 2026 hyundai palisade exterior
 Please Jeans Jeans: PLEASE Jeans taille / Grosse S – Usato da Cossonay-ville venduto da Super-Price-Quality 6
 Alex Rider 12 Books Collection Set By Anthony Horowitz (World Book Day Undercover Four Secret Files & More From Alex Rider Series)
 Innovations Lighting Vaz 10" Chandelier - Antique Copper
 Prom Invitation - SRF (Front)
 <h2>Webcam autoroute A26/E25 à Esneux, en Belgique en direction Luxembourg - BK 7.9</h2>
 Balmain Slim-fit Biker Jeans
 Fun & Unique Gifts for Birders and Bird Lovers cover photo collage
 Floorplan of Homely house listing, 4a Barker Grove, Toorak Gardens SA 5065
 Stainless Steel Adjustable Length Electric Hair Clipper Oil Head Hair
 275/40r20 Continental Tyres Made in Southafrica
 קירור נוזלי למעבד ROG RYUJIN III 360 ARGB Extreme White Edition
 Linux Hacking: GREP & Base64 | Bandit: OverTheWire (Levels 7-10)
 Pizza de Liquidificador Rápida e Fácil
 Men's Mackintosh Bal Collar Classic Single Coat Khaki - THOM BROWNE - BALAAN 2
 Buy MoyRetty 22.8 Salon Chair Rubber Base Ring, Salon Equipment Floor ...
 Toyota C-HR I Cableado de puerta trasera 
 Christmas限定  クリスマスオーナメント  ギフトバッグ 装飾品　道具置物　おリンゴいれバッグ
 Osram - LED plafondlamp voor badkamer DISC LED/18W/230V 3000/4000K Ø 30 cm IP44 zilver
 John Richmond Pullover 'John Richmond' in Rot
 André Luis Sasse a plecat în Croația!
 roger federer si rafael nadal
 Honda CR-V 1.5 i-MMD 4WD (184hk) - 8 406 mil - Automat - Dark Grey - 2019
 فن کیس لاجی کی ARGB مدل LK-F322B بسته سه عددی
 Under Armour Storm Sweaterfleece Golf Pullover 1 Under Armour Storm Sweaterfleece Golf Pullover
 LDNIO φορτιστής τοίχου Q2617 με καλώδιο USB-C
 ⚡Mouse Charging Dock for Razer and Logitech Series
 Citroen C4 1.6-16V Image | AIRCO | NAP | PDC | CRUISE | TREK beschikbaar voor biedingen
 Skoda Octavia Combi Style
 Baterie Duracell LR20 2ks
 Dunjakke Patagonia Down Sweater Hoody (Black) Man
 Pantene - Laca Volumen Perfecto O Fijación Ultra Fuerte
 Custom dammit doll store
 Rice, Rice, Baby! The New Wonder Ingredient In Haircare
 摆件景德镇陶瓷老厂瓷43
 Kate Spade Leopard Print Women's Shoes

-.-.-

*Work to complete*.
Beginning at the line with "275/40r20 Continental Tyres" and ending at the line with "John Richmond Pullover", reproduce each line of the data above exactly, and add no other lines.

*Reply to the task*.
 275/40r20 Continental Tyres Made in Southafrica
 קירור נוזלי למעבד ROG RYUJIN III 360 ARGB Extreme White Edition
 Linux Hacking: GREP & Base64 | Bandit: OverTheWire (Levels 7-10)
 Pizza de Liquidificador Rápida e Fácil
 Men's Mackintosh Bal Collar Classic Single Coat Khaki - THOM BROWNE - BALAAN 2
 Buy MoyRetty 22.8 Salon Chair Rubber Base Ring, Salon Equipment Floor ...
 Toyota C-HR I Cableado de puerta trasera 
 Christmas限定  クリスマスオーナメント  ギフトバッグ 装飾品　道具置物　おリンゴいれバッグ
 Osram - LED plafondlamp voor badkamer DISC LED/18W/230V 3000/4000K Ø 30 cm IP44 zilver
 John Richmond Pullover 'John Richmond' in Rot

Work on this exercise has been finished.